(Dataset content begins)

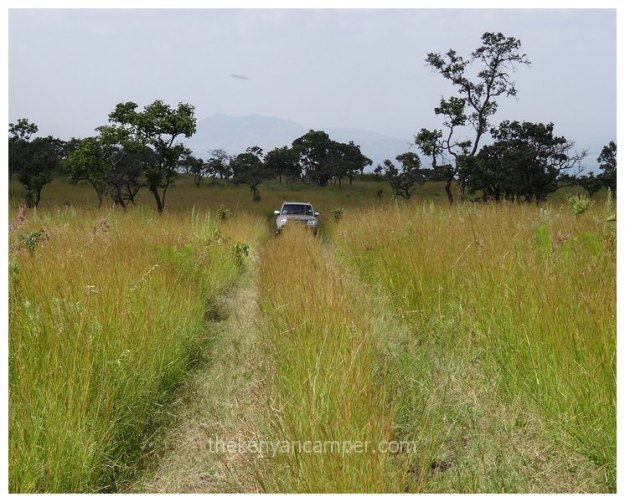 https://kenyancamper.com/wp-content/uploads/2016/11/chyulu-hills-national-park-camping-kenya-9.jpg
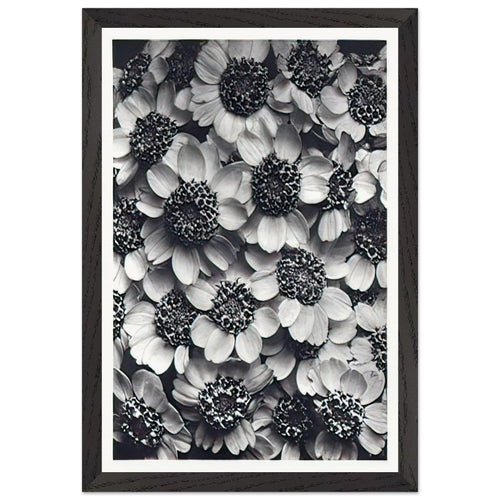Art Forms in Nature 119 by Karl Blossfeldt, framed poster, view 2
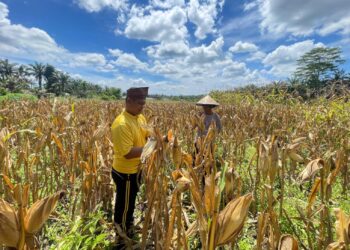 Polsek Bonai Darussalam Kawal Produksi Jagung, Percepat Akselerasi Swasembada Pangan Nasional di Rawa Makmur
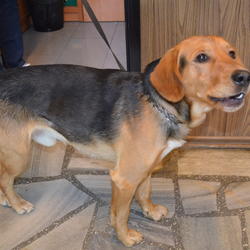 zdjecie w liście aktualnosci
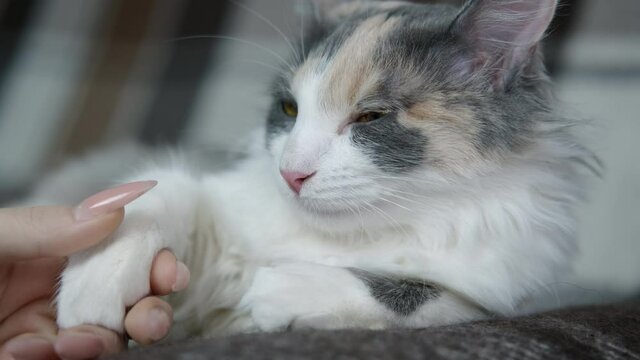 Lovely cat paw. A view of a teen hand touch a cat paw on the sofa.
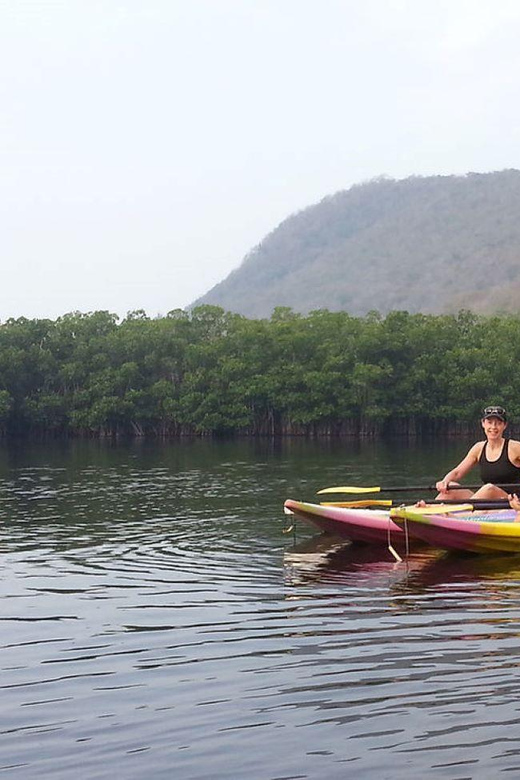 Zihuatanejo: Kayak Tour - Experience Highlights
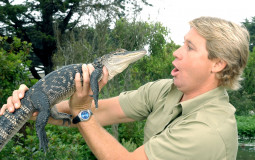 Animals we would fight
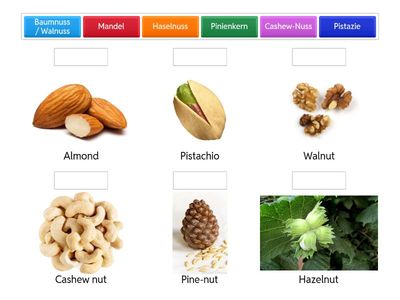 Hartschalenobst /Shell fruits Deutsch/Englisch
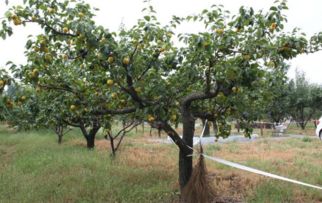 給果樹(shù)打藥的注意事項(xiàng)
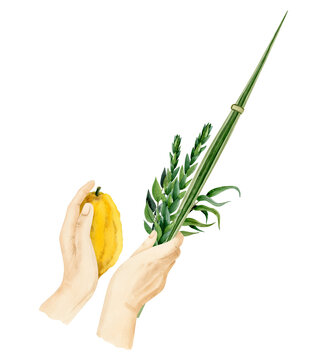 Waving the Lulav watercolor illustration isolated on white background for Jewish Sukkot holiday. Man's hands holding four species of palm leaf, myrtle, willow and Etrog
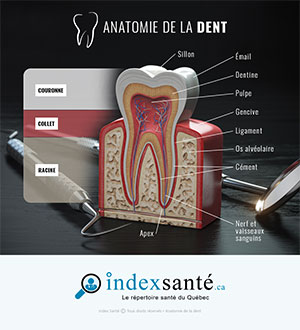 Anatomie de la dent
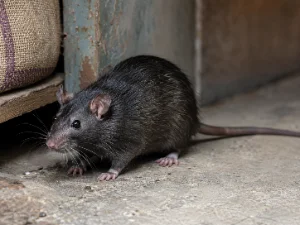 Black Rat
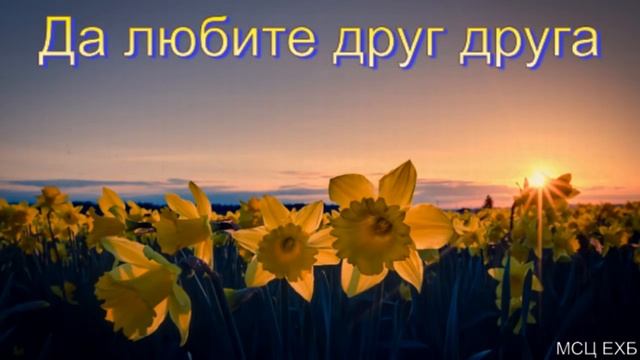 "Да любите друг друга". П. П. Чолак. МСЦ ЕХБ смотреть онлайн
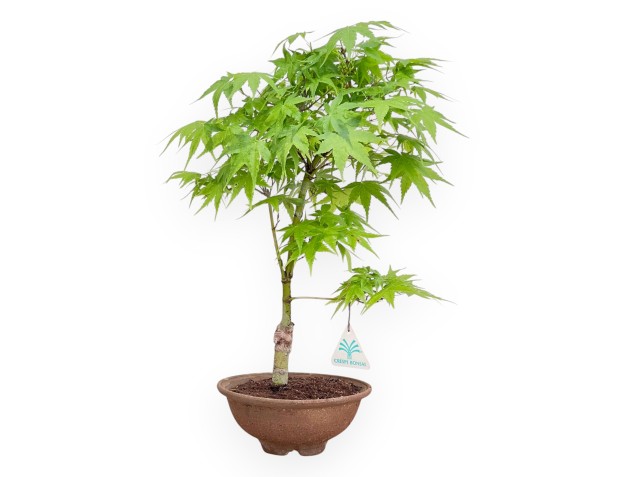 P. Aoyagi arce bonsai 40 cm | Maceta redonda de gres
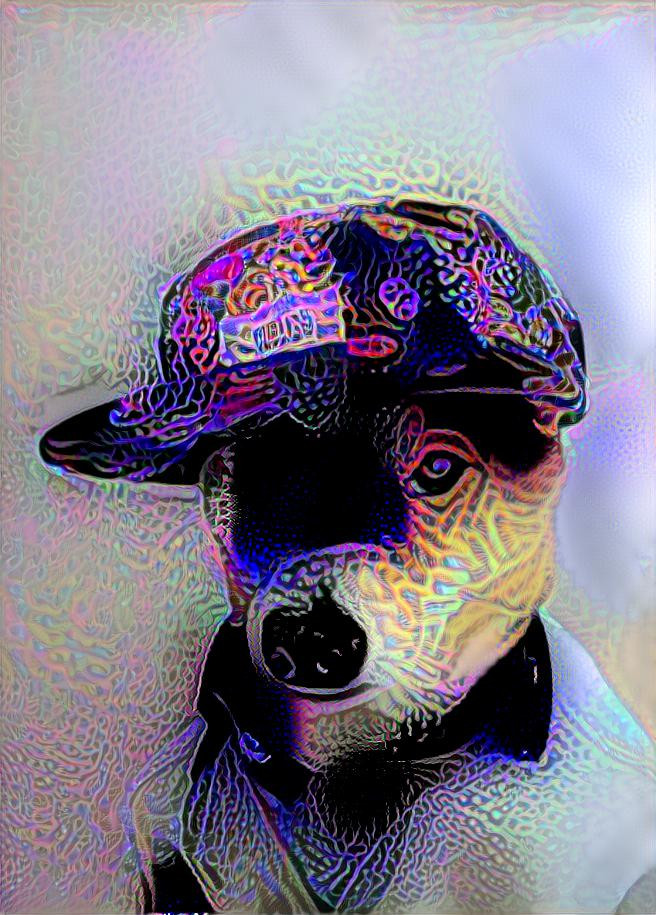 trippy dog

(Dataset content ends)

#### Try it
Images stay out; the entries above are to be printed exactly.

#### Finished exercise
 https://kenyancamper.com/wp-content/uploads/2016/11/chyulu-hills-national-park-camping-kenya-9.jpg
Art Forms in Nature 119 by Karl Blossfeldt, framed poster, view 2
 Polsek Bonai Darussalam Kawal Produksi Jagung, Percepat Akselerasi Swasembada Pangan Nasional di Rawa Makmur
 zdjecie w liście aktualnosci
 Lovely cat paw. A view of a teen hand touch a cat paw on the sofa.
 Zihuatanejo: Kayak Tour - Experience Highlights
 Animals we would fight
 Hartschalenobst /Shell fruits Deutsch/Englisch
 給果樹(shù)打藥的注意事項(xiàng)
 Waving the Lulav watercolor illustration isolated on white background for Jewish Sukkot holiday. Man's hands holding four species of palm leaf, myrtle, willow and Etrog
 Anatomie de la dent
 Black Rat
 "Да любите друг друга". П. П. Чолак. МСЦ ЕХБ смотреть онлайн
 P. Aoyagi arce bonsai 40 cm | Maceta redonda de gres
 trippy dog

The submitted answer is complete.